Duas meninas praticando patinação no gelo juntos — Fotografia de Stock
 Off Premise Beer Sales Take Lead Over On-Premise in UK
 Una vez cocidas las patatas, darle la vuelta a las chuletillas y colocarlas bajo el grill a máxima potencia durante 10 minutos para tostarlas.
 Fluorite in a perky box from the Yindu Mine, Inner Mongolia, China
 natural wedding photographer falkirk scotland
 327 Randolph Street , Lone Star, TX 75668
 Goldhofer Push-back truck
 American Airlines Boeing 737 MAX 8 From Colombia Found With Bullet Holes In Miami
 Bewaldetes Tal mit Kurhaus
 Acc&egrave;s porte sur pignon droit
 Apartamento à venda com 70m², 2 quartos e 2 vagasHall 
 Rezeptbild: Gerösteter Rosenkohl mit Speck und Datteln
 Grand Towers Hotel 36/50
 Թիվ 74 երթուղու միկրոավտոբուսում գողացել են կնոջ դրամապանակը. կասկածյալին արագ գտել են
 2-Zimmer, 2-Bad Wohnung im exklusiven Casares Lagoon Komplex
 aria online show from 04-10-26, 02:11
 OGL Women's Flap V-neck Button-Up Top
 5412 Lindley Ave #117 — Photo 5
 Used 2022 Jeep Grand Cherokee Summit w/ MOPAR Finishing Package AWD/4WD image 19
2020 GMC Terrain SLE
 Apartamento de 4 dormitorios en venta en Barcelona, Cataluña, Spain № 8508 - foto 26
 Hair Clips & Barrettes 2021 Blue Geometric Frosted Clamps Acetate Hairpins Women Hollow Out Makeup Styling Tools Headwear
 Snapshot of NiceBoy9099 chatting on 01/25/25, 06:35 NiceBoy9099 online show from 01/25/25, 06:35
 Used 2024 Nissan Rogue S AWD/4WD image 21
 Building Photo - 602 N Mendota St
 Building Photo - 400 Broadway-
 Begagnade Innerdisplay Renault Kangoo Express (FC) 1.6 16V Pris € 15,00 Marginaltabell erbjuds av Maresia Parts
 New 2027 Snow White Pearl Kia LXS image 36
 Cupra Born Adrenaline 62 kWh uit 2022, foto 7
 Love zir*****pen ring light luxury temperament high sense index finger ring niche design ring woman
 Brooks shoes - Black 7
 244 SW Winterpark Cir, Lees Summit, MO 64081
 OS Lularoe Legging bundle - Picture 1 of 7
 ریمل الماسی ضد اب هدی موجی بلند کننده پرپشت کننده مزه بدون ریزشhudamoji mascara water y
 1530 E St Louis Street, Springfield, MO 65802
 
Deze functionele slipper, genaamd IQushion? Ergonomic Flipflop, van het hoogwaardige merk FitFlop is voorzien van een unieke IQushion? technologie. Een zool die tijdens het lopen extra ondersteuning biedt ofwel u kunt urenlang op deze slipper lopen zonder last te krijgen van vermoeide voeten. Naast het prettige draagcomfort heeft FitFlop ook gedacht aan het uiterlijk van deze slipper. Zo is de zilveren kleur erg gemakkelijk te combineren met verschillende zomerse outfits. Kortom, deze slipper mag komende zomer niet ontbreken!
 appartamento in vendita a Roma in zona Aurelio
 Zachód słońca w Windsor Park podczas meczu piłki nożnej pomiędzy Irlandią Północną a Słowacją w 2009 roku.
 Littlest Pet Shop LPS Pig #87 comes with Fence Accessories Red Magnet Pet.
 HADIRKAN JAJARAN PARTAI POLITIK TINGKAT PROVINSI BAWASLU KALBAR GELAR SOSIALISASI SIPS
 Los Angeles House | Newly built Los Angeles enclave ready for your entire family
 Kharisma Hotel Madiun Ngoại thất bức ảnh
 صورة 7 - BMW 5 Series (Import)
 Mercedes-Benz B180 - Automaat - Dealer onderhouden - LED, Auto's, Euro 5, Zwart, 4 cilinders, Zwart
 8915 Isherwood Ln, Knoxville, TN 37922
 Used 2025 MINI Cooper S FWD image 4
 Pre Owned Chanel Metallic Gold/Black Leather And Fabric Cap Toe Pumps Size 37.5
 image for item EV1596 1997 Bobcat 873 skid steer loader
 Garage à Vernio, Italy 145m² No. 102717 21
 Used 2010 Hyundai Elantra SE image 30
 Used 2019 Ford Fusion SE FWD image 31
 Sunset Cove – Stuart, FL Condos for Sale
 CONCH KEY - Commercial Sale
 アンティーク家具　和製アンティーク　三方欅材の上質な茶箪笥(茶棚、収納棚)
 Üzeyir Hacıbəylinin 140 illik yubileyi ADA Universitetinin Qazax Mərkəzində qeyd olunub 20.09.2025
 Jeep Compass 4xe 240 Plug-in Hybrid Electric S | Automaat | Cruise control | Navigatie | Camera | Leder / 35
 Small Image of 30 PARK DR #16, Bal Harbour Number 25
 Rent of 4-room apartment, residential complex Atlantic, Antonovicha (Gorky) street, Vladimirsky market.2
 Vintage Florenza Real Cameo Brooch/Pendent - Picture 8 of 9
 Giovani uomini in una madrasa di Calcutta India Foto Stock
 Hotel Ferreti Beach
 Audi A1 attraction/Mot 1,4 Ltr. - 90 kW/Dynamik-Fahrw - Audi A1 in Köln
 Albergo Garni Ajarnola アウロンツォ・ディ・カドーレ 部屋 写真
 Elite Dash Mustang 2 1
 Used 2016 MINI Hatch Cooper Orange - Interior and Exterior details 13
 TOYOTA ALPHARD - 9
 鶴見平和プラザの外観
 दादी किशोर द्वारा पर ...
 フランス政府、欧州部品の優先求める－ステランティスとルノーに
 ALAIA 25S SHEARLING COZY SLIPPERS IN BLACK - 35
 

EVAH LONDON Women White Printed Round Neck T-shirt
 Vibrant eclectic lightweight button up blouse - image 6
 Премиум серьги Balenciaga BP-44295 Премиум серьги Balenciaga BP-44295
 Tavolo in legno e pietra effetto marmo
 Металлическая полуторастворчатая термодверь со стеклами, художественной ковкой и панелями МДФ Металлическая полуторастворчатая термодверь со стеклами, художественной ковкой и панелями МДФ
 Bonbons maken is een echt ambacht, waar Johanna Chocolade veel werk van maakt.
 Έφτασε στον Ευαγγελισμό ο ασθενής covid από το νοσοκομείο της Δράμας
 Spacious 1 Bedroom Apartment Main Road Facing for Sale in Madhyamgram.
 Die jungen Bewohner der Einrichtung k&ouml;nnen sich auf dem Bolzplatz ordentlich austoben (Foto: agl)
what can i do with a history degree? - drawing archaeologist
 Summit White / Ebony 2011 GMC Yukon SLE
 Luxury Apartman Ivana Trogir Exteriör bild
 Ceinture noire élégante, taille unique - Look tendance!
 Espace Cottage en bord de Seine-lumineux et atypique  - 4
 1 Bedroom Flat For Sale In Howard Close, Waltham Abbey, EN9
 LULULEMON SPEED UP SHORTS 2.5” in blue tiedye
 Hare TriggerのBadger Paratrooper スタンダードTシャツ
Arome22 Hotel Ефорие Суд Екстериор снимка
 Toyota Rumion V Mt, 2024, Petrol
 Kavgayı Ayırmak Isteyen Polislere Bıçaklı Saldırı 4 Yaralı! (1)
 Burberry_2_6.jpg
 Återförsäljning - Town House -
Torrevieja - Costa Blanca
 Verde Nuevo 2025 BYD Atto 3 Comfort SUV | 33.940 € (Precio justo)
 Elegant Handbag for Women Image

----

_TASK STATEMENT_
Nothing beyond the line that contains "5412 Lindley Ave #117 — Photo 5" belongs in the answer; reproduce the entries exactly from their first line through it.

_FINAL ANSWER_
Duas meninas praticando patinação no gelo juntos — Fotografia de Stock
 Off Premise Beer Sales Take Lead Over On-Premise in UK
 Una vez cocidas las patatas, darle la vuelta a las chuletillas y colocarlas bajo el grill a máxima potencia durante 10 minutos para tostarlas.
 Fluorite in a perky box from the Yindu Mine, Inner Mongolia, China
 natural wedding photographer falkirk scotland
 327 Randolph Street , Lone Star, TX 75668
 Goldhofer Push-back truck
 American Airlines Boeing 737 MAX 8 From Colombia Found With Bullet Holes In Miami
 Bewaldetes Tal mit Kurhaus
 Acc&egrave;s porte sur pignon droit
 Apartamento à venda com 70m², 2 quartos e 2 vagasHall 
 Rezeptbild: Gerösteter Rosenkohl mit Speck und Datteln
 Grand Towers Hotel 36/50
 Թիվ 74 երթուղու միկրոավտոբուսում գողացել են կնոջ դրամապանակը. կասկածյալին արագ գտել են
 2-Zimmer, 2-Bad Wohnung im exklusiven Casares Lagoon Komplex
 aria online show from 04-10-26, 02:11
 OGL Women's Flap V-neck Button-Up Top
 5412 Lindley Ave #117 — Photo 5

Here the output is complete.